Using volume Bragg grating (VBG) technology, Photon etc has developed, specifically for RRS, two types of ultra narrow band tunable filters: a laser line filter and a notch filter. The Laser Line Tunable Filter (LLTF) is installed on the Tunable Ti:Saph laser (Figure 2) and blocks the unwanted fluorescence produced by the laser, leaving the excitation laser line untouched. Two steering mirrors (M1 and BS) send the laser line into a standard microscope where the laser beam is focused on the sample of interest. The second filter, a Tunable Top Notch Filter (TTNF), is installed on the microscope. The TTNF blocks the Rayleigh scattering coming from the material, leaving the Raman signal untouched down to 50 cm-1 (20cm-1 has been achieved) with a throughput of up to 80%. The tunable filters are controlled by a computer via USB links, allowing fast wavelength selection.

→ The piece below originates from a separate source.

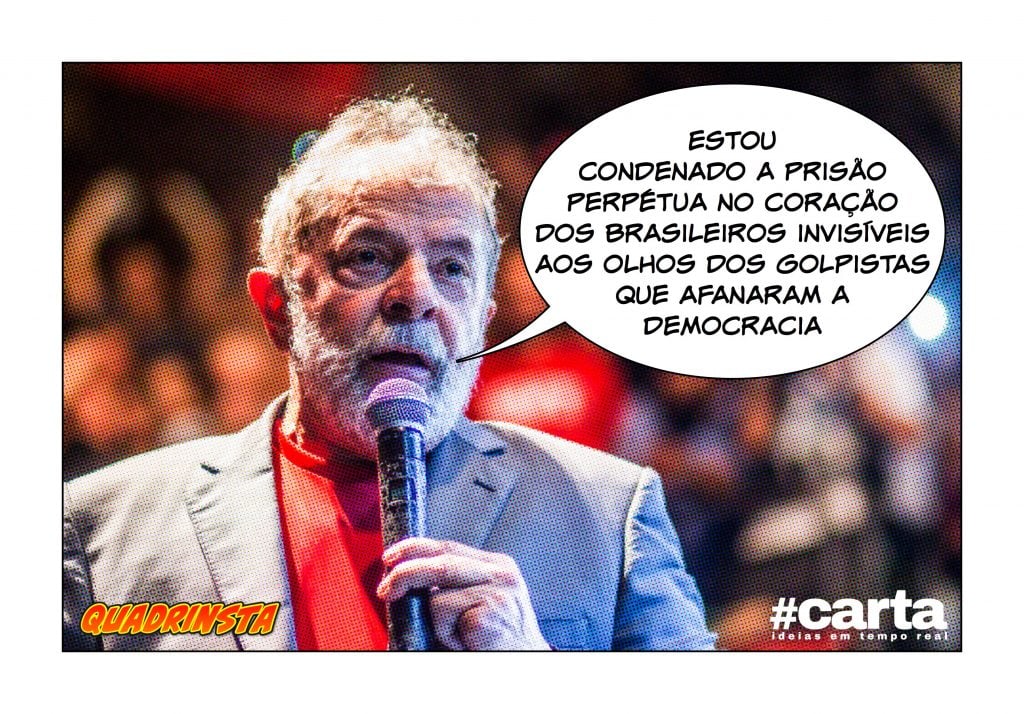 Cercado, Lula se entrega aos braços do povo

Stokes and anti-Stokes Raman spectra of single-walled carbon nanotube (SWNT) powder (Figure 1) were measured within less than one hour using a standard spectrometer. Each peak corresponds to a radial breathing mode (RBM), and the center frequency of a given peak is inversely proportional to the nanotube diameter of a given population. Several populations of nanotubes with different diameters can therefore be readily observed and effectively characterized.
F.1. Raman spectra of carbon nanotubes using TI:SAPH Laser & Tunable Top Notch Filter
(Courtesy of Prof. R. Martel, U of Montreal)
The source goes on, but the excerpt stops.